The Johnson County Secondary Roads department placed a weight embargo on the bridge and reduced the speed effective March 11, due to too much movement as cars were driving over the bridge that is currently under construction.
“It was determined during one of the four cross beam concrete pours that the steel beams on the existing bridge, while traffic was driving over the bridge, was flexing to the point where they could touch the support forms for the new bridge beams,” said County Engineer Greg Parker. “Our structural engineer determined that speed and weight had to be reduced to minimize flexing.”
Therefore, the gross weight limit of eight tons and new speed limit of 25 mph will remain in effect until the new bridge is open to traffic. Temporary signs are posted to remind travelers to slow down, or in the case of heavy trucks, turn around. Permanent signs will be coming soon, Parker said.
The Iowa Code allows county supervisors to impose weight restrictions on secondary roads, typically for a period of 90 days. Chip seal and oil seal roads are most susceptible to damage, and late February through early May is the most common time for embargoes to be in effect.
“Typically when the roads are coming out of a hard frost, they are susceptible to severe soft spots,” Parker said. “We monitor our roadways to minimize damage by reducing the loads. This can be invoked for a maximum 90 days per calendar year to allow the road to heal itself.”
The county engineer is allowed to issue special permits for individuals who demonstrate a need to move market farm, farm feeds or fuel for home heating purposes, and whose vehicles might exceed the weight limits on embargoed roadways. Operators of overweight vehicles on restricted roads without a permit risk prosecution. Options include using alternative routes, or breaking loads into smaller units.
The existing Mehaffey Bridge over the Iowa River between Solon and North Liberty is nearly 50 years old. In 2012, the bridge– while still safe– was declared structurally deficient, and was recommended for replacement. The replacement bridge is being built around the existing span in phases, to minimize inconvenience to the public and allow traffic to flow as consistently as possible for the duration of the project. Emergency closures of short duration may be necessary as the project progresses.
Parker said the most recent construction timeline received from the contractor indicated that the project will be completed in November.
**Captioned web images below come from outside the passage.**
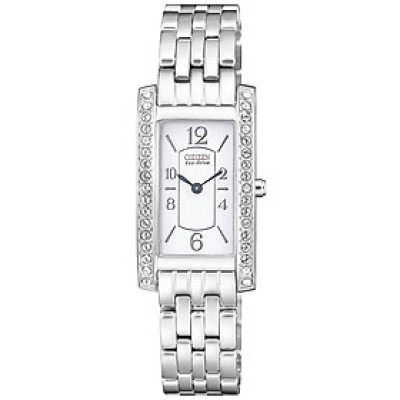 Đồng Hồ Nữ Citizen Đính Đá Swarovski Dây Thép Không Gỉ EG2025-75A - Mặt Trắng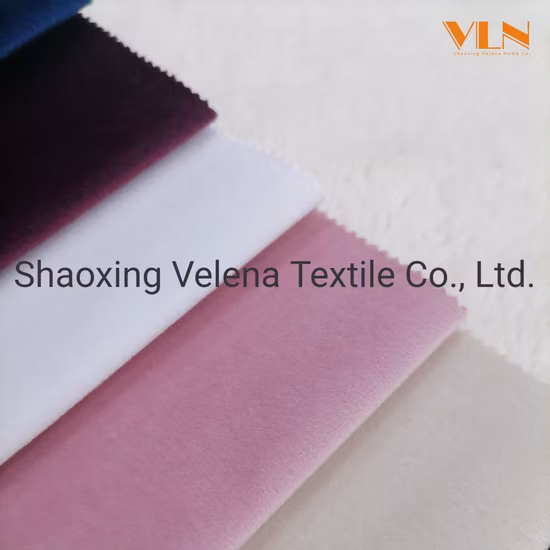 Hot Sale Classice Fabric Plush Holland Velvet Original Dyeing Upholstery Furniture Sofa Curtain Home Textile Fabric China Factory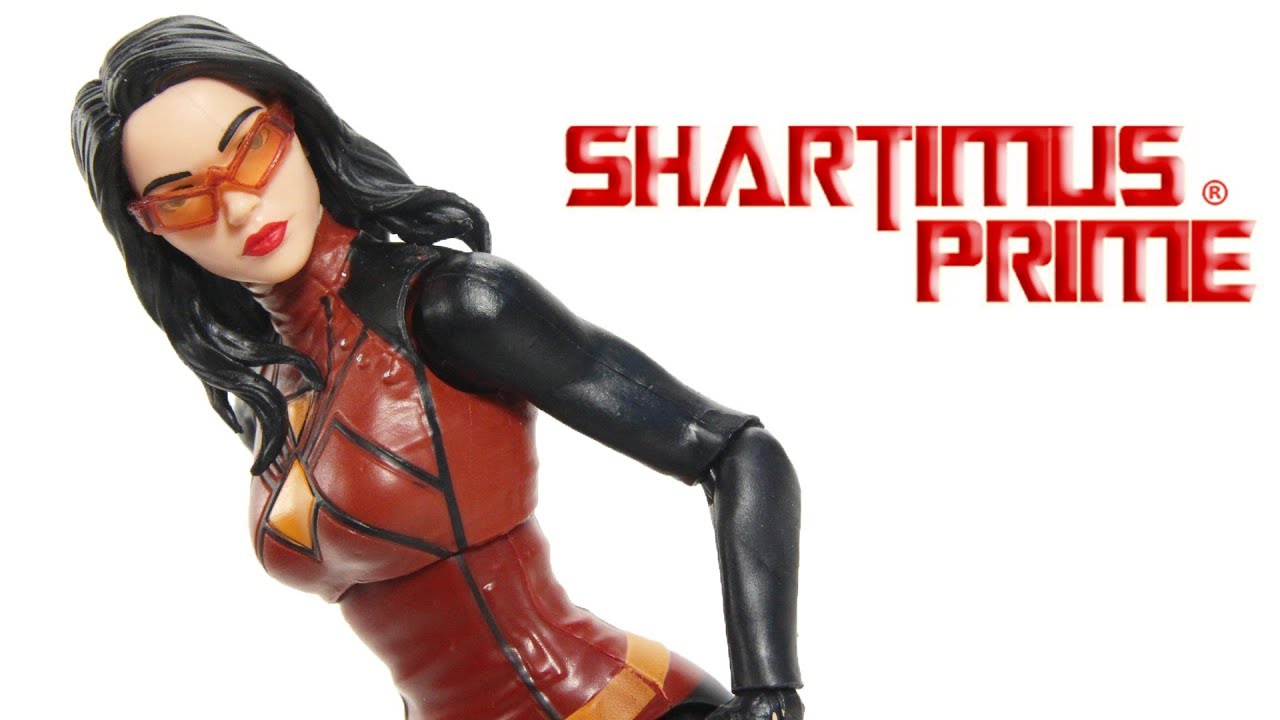 Marvel Legends Spider-Woman Lizard BAF 2018 Spider-Man Wave Hasbro Action Figure Toy Review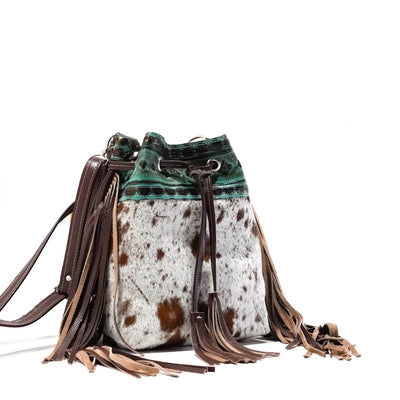 Gabby - Longhorn w/ Lagoon Navajo-Gabby-Western-Cowhide-Bags-Handmade-Products-Gifts-Dancing Cactus Designs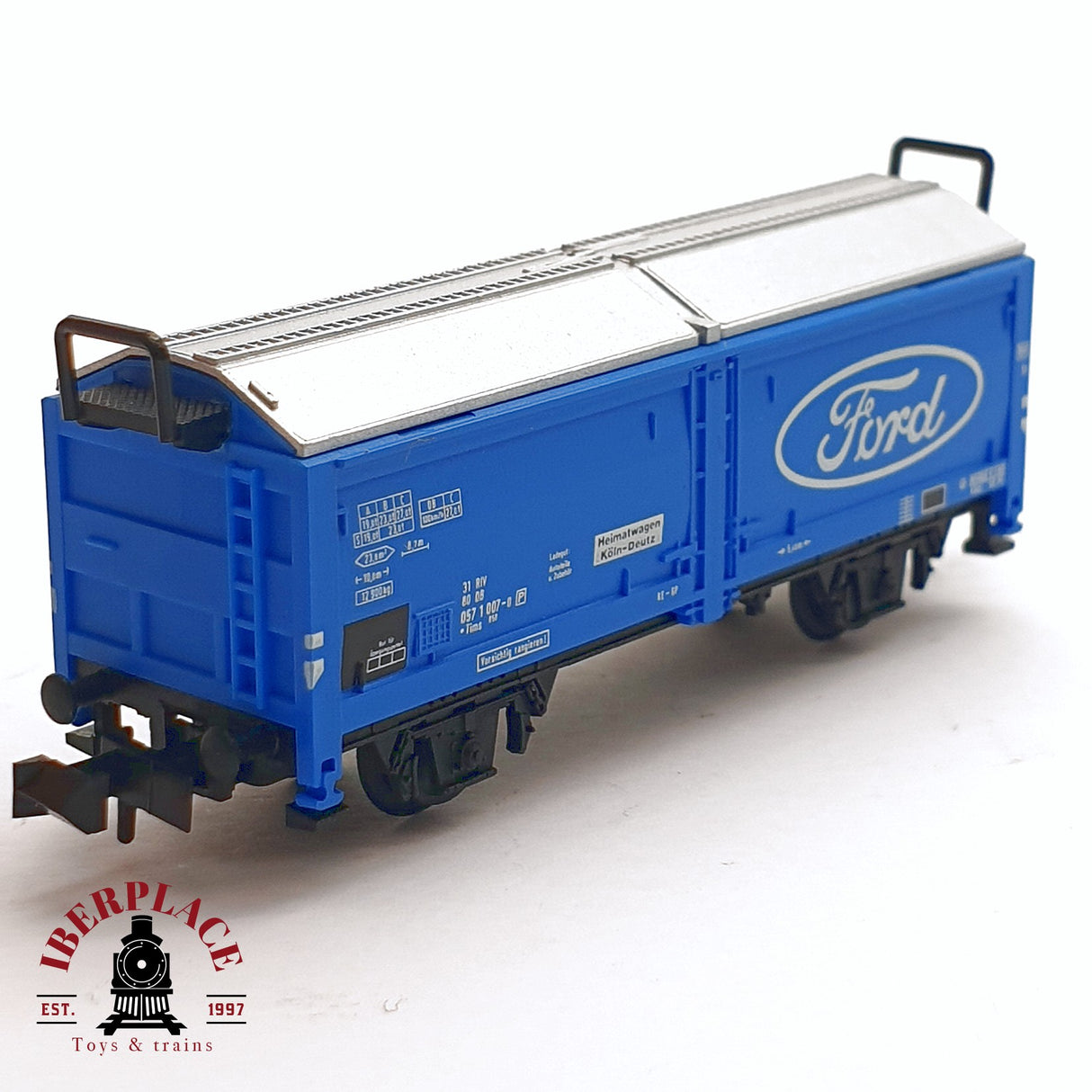 ♻️ 2da mano - Minitrix 13267 vagón mercancias Ford DB 057 1 007 N escala 1:160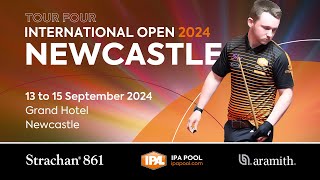 IPA Pool Tour 4 International Professional 2024  Newcastle  Table 1  DAY 1 [upl. by Atel185]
“As you know, this has been a difficult winter, with unusually cold temperatures which has slowed down the contractor from completing some tasks,” Parker explained.
A public meeting will be scheduled sometime in early May to discuss updates on the Mehaffey Bridge replacement, as well as the Mehaffey Bridge Road paving project that will take place this summer. This will be a joint project public meeting with the City of North Liberty, Parker said, but no date has been set.